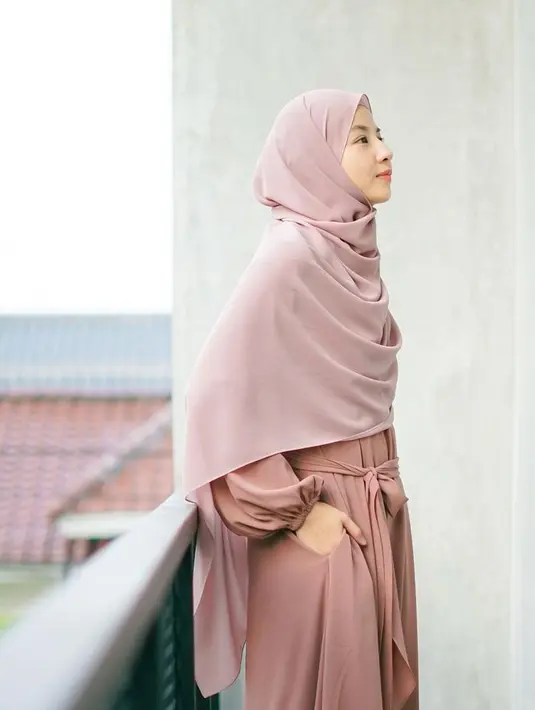 <p>Sekedar informasi, Desta dan Natasha Rizky yang selama ini terihat adem ayem dan jauh dari gosip memutuskan untuk berpisah. Keduanya memutuskan untuk bercerai secara baik-baik. Setelah mencapai kesepakatan, baru memasukkan gugatan ke Pengadilan Agama. Dan akhirnya dikabulkan. [Instagram/natasharizkynew]</p>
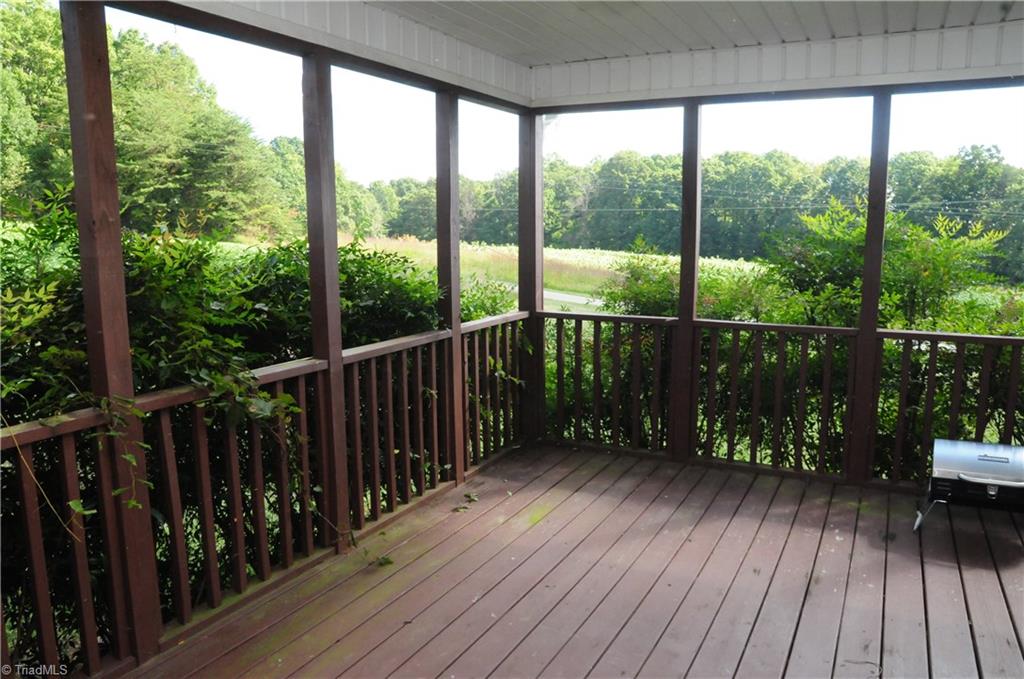 443 Stoney Ridge Road Winston-Salem, NC 27107 - Photo 4 of 16 Gallery Image 4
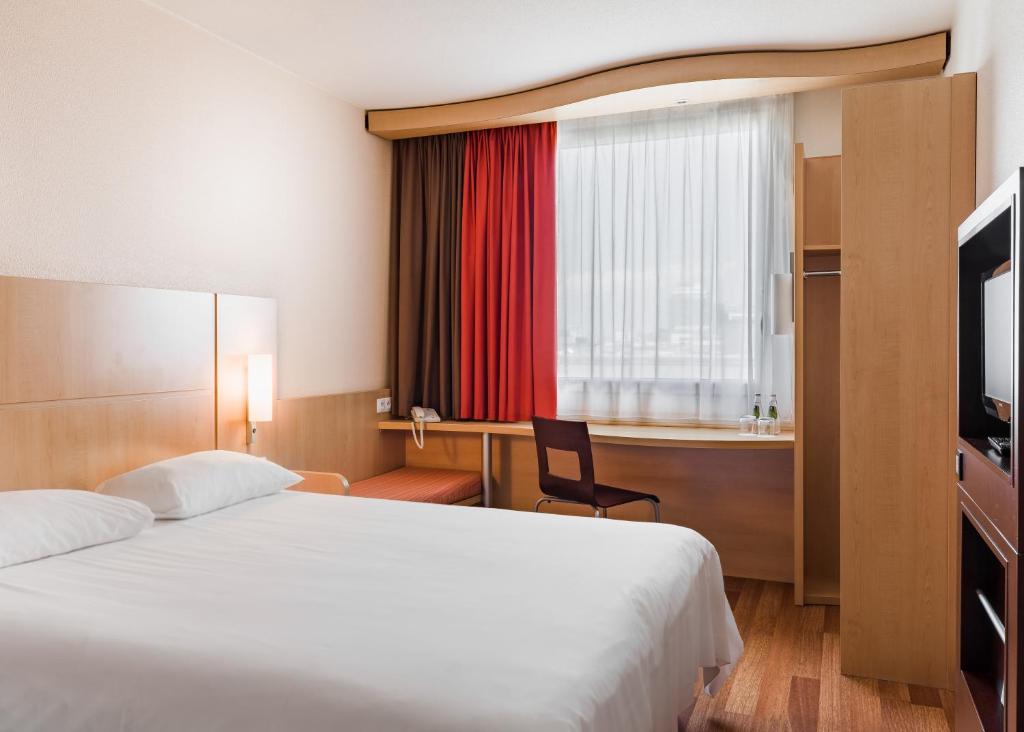 TV a/nebo společenská místnost v ubytování ibis Warszawa West Station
========================================================================
What you need to do
Every line of the listing must be reproduced exactly, though the pictures are to be left out.

Answer
 <p>Sekedar informasi, Desta dan Natasha Rizky yang selama ini terihat adem ayem dan jauh dari gosip memutuskan untuk berpisah. Keduanya memutuskan untuk bercerai secara baik-baik. Setelah mencapai kesepakatan, baru memasukkan gugatan ke Pengadilan Agama. Dan akhirnya dikabulkan. [Instagram/natasharizkynew]</p>
 443 Stoney Ridge Road Winston-Salem, NC 27107 - Photo 4 of 16 Gallery Image 4
 TV a/nebo společenská místnost v ubytování ibis Warszawa West Station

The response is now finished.